#### HOW TO COMPLETE THIS TASK
The whole listing is to be restated word for word with no images.
Segment Start: INFORMATION SUPPLIED
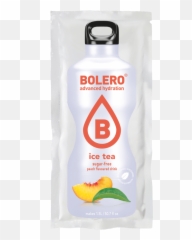 Bolero Ice Tea Peach With Stevia - Bolero Advanced Hydration Iced Tea Png,Ice Tea Png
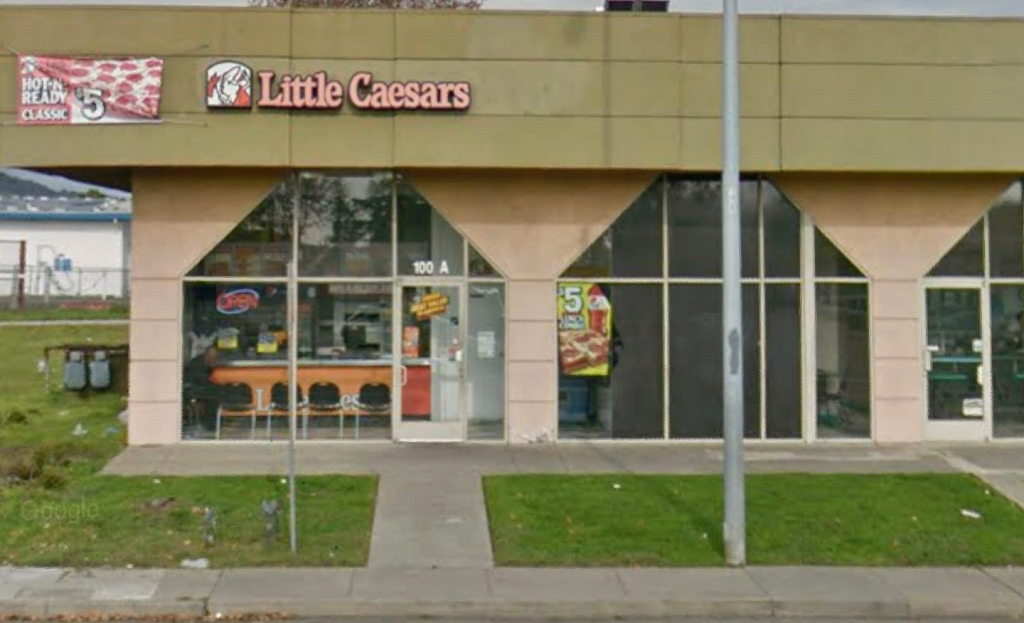 Little Caesars Pizza | meal takeaway | 100 E Tabor Ave, Fairfield, CA 94533, USA | 7074223100 OR +1 707-422-3100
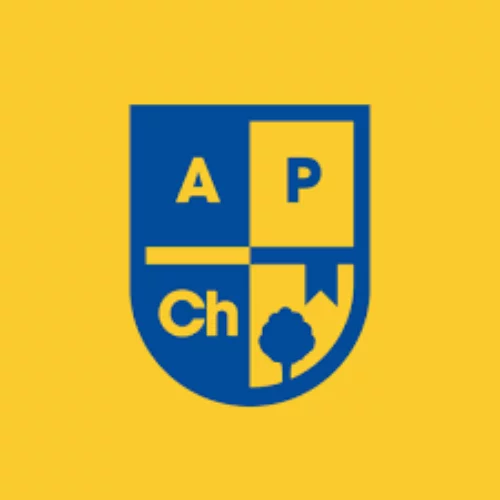 Unidad Educativa Particular Ángel Polibio Chaves (Quito) Logo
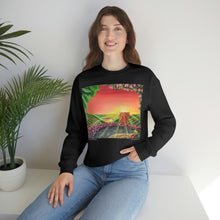 Load image into Gallery viewer, Sweatshirt 50/50 Cotton/Polyester, Medium-heavy fabric, Loose fit, true to size, Original art designs by Kerry Sandhu Art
Segment End: INFORMATION SUPPLIED
#### ANSWER TO THE PROBLEM
 Bolero Ice Tea Peach With Stevia - Bolero Advanced Hydration Iced Tea Png,Ice Tea Png
 Little Caesars Pizza | meal takeaway | 100 E Tabor Ave, Fairfield, CA 94533, USA | 7074223100 OR +1 707-422-3100
 Unidad Educativa Particular Ángel Polibio Chaves (Quito) Logo
 Load image into Gallery viewer, Sweatshirt 50/50 Cotton/Polyester, Medium-heavy fabric, Loose fit, true to size, Original art designs by Kerry Sandhu Art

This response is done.